Nachdem es sich nach der Schließung der Bäckerei so darstellte, als ob Helgoland eine Insel der Aufbackbrötchen bleibt, ist es nun in einer rasanten Geschwindigkeit von nur wenigen Wochen gelungen, zahlreiche Sympathisanten zu bewegen, eine Absichtserklärung für Anteile von je 150 Euro an einer zu gründenden Genossenschaft abzugeben.  Mittlerweile gab es eine Versammlung mit Wahl eines Aufsichtsrates.  Zum Beginn der Genossenschaft steht die Sicherung eines auf der Insel Helgoland produzierenden und verarbeitenden Lebensmittel-Betriebs mit einer Bäckerei ("Halunder Bakker") und Vollküche mit Vertrieb der Produkte und Waren. Mario Peterscheck, Bäckermeister und einer der Initiatoren, stand Rede und Antwort.,

Mario Peterscheck, skizzieren Sie doch bitte kurz den Weg bis zur Gründung der Genossenschaft am 7. Dezember. Warum war diese Eile geboten?

Die Gemeinde hat im Sommer eine Ausschreibung für die Bäckerei veröffentlicht. Die Ausschreibung beruhte auf einem Vorkaufsrecht der Gemeinde beim Insolvenzverwalter des aktuell in Insolvenz befindlichen Unternehmens "Der Inselbäcker". Es gab bereits mehrere Versuche, diese Ausschreibung privatwirtschaftlich zu erfüllen. Dies ist leider nicht gelungen und darüber wurden die Helgoländer informiert. Das Ergebnis war eine enorme Resonanz mit der Botschaft, hier etwas gemeinsam bewegen zu wollen.

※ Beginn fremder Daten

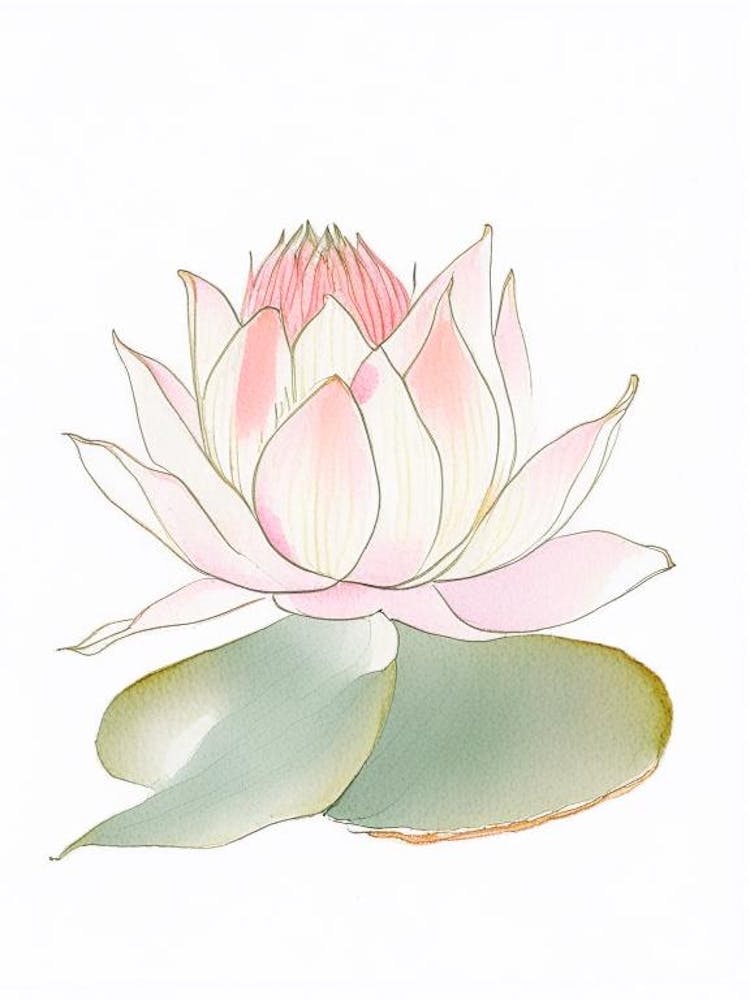 Sacred Lotus Pencil Illustration 4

Das perfekt geeignete Unternehmensmodell für diese Umstände ist die Genossenschaft mit einer gemeinschaftlichen, sozialen Struktur. Die Eile war geboten, weil bisher der 31. Dezember als letztes Datum für den Kauf durch die Gemeinde im Raum stand.

Wie kommt es zu Ihrem und Adrian Wolfs Engagement in dieser Sache, welche beruflichen Hintergründe haben Sie und was motiviert Sie, sich für die Insel einzusetzen?

 Ich bin Bäckermeister und lebe auf Helgoland mit meiner Familie. Ich habe in meinem Leben viele Bäckereien aufgebaut, beraten und Mitarbeiter ausgebildet. Herr Wolf ist bereits erfolgreicher Unternehmer und Projektentwickler. Ich hatte mich bereits knapp ein Jahr mit der Bäckerei beschäftigt. Noch in der Nacht nach der Einwohnerversammlung hatte ich die Idee, meinen Projektplan der Öffentlichkeit zur Verfügung zu stellen. Herr Wolf hatte die positive Energie aus der Einwohnerversammlung im Live-Stream erfasst. Er trat an mich heran und es passte von der ersten Sekunde an, diese Stimmung in der Bevölkerung zu konkretisieren. Die Motivation für uns beide liegt in dieser einzigartigen Situation der Insel, einen Neuanfang zu kennen, es zu wissen, wie Dinge gemeinschaftlich umgesetzt werden können. Da wir beide auf Helgoland leben, und zumindest ich auch hier noch älter werden möchte, ist es eine große Freude, dieser Gemeinschaft zuarbeiten zu können.

Waren Sie überrascht davon, dass ihre Idee so schnell aufging wie ein guter Hefeteig?

 Wir wollten die Gründung der Genossenschaft etwas umfangreicher planen. Dann hatten wir nachts die Idee, es mit einem Video über Social Media ganz unkonventionell umzusetzen. Das hat in der Vergangenheit bei einigen Aufrufen von Menschen funktioniert, dennoch ist es zu dem Zeitpunkt schwer vorstellbar, dass es auch für einen selbst erfolgreich funktioniert. Das Video verbreitete sich wie ein Lauffeuer und bereits fünf Tage später führte ich bei jedem Weg über die Insel Gespräche mit den Insulanern.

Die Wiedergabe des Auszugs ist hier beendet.